By welcoming Ottawa curler Emilie Lovitt to the fold this year, it was a given that Team Croisier would hit the ice with a bit of a twist for the 2019-20 season.
What has not changed within this grouping of local talent is the single-mindedness of the vision of what their year-end resume should resemble, the series of targeted goals highlighted by an appearance at the Canadian U18 Championships, an event to which Sudbury is playing host come next April.
For the Idylwylde Golf and Country Club quartet of Bella Croisier, Jamie Smith, Lauren Rajala and Piper Croisier, it is time to build on an ultra-successful 2018-19 campaign, all while integrating Lovitt into the mix.
The addition of a fifth was a move necessitated by the wonderful opportunity that has presented itself to Lauren Rajala, selected to participate in the 2020 WinterYouth Olympics in Switzerland in January, which crosses directly into at least a portion of the curling calendar for Team Croisier back home.
“We have seen each other for about two years now, just on the competitive tour,” explained Lovitt, a 17-year-old first-year student of Law and Justice at Laurentian University, who was born in Austria and whose parents both work for the United Nations.

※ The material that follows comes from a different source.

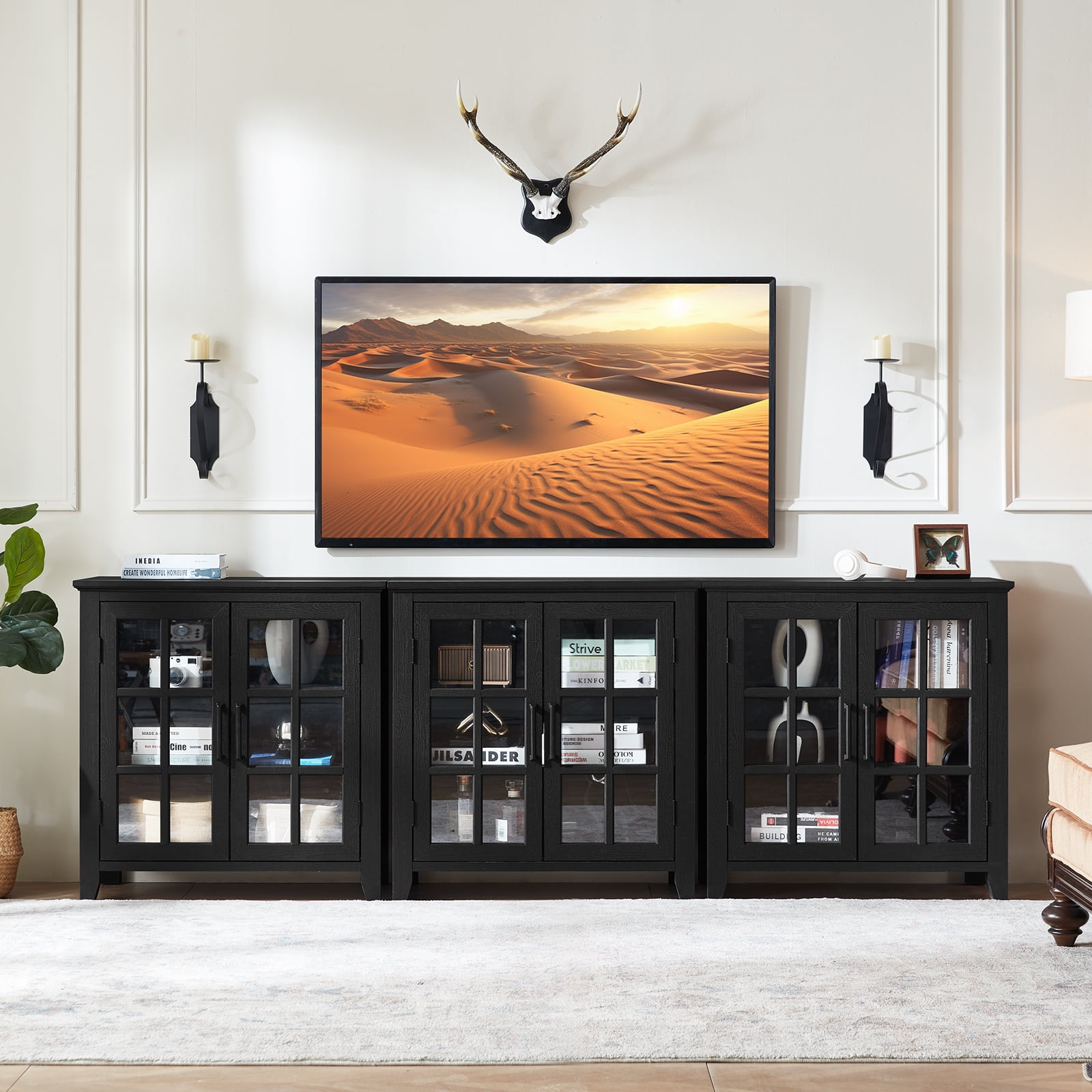 Joaxswe Buffet Storage Cabinet with Tempered Glass Doors, 31.5" Kitchen Cabinet with Adjustable Shelves, Black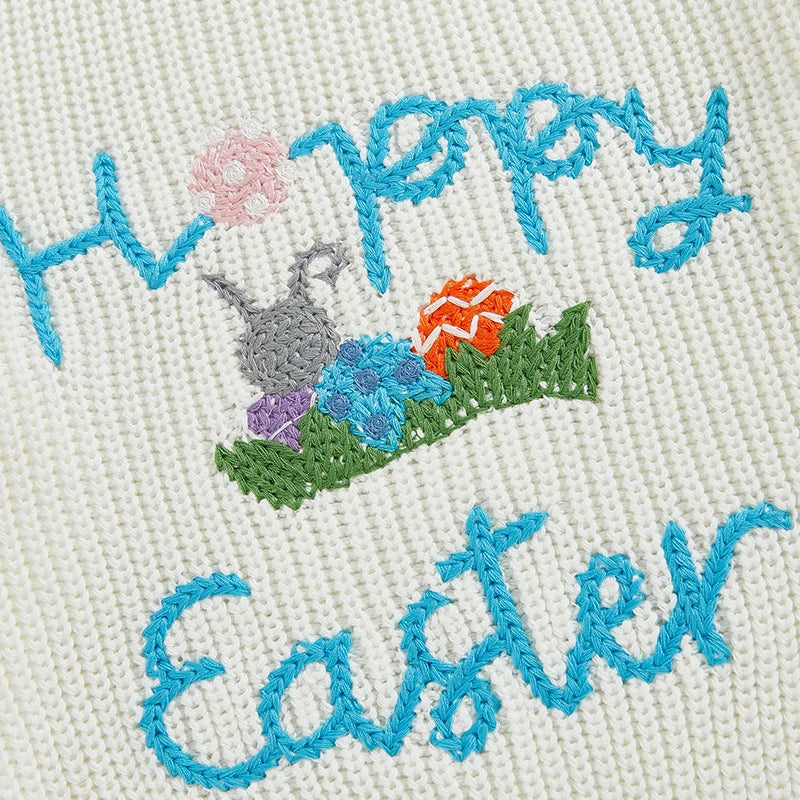 Girl's & Boy's Embroidered Easter Bunny & Eggs Sweaters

“Last year, we played them at the Canada Winter Games trials and became friends after they beat us in the final. We kept in contact with them after that.”
An avid figure skater and multi-sport participant in her youth, the newcomer to Team Croisier was only introduced to curling at the age of 11, when the family moved out to Vankleek Hill, some 100 kilometres outside of downtown Ottawa.
“Our neighbours introduced me to curling,” she said. “It was a great opportunity to meet people and make new friends.”
Quickly, the attraction grew well beyond those initial first impressions. “I really love the teamwork aspect of curling,” said Lovitt. “You’re just four curlers (or five, in this case), so you really need to become best friends, both on and off the ice, with your team.”
While she has been manning a front-end position for this rink since her arrival in Northern Ontario, Lovitt actually displays a great deal of versatility, never a bad thing in the eyes of any team.
“I’ve played every position and I love all of them equally, I think they all bring a different aspect to the game,” she said. “Second and third are fun positions, because you get to sweep, but also to throw different shots. I like playing lead, it’s cool to set up the end. I don’t think skip is my forte – I kind of like having someone tell me what to do.”
In Team Croisier, Lovitt has found a team that is every bit as focused on the work ethic required to compete with the truly elite in their age group, and beyond.
“I’m just really focused on improving and seeing how I can bring my focus and intensity that I have in practice into competition,” stated Piper Croisier, the traditional second with this quartet.
“Of course, when I first started curling, we were just happy if I got it over the hog-line, so that’s a big improvement,” she added with a laugh.
Truth be told, while the Croisier crew will enter the U18 playdown season as prohibitive favourites to emerge from the NOCA and most likely contend at nationals, they can also more than hold their own against all of the top U21 women’s teams in Ontario (and Canada), as well.
“I think our big focus this year is on strategy, to bring that U21 level of strategy of rock placement and where everything really needs to be, and take that forward into the U18 events as well,” said Croisier. “The biggest difference is thinking a few shots ahead.
“At U21, you’re thinking that if you put your rock here, they are going to go there, and then I have this shot. But it’s also knowing that I have a way out, if I need it, if I need a double, or want to try and blank the end.”
Like many of the other very successful young curlers in this area, the ability to develop this highly strategic approach to the game starts at home.
“I think my sister and I are lucky that we have our coach (father Shawn Croisier) living at home with us, so we can have a one- or two-hour strategy session, maybe go over some of our past games.”
Though it’s worked out well to date, it’s also caused the bar to be raised continually, a natural by-product for a team that captured gold at both the 2020 Canada Winter Games and the U18 Canadian championships last year.
“Having success does put a lot of expectations on us, but if anything for me, it kind of fuels me,” said Croisier. “I felt that taste of success last year and want it even more this year.”
There is also the small fact of nationals coming to Sudbury, and the hopes of a local curling community that they can cheer on some of their own next spring.
“I actually look at having Sudbury for nationals as a privilege,” said Croisier. “Obviously, we have to make it there first. If we do end up making it, it will be amazing, with lots of friends and family to come out and watch us, which is pretty exciting.
“I don’t think of that as a distraction.”
Team Croisier did not look distracted in capturing the U18 Pegasus Women’s Slam last weekend in Orillia, capping off a series of seven consecutive wins with an 8-3 triumph over Jenny Madden of Manotick in the bonspiel final.
Randy in the Rings runs weekly during the curling season.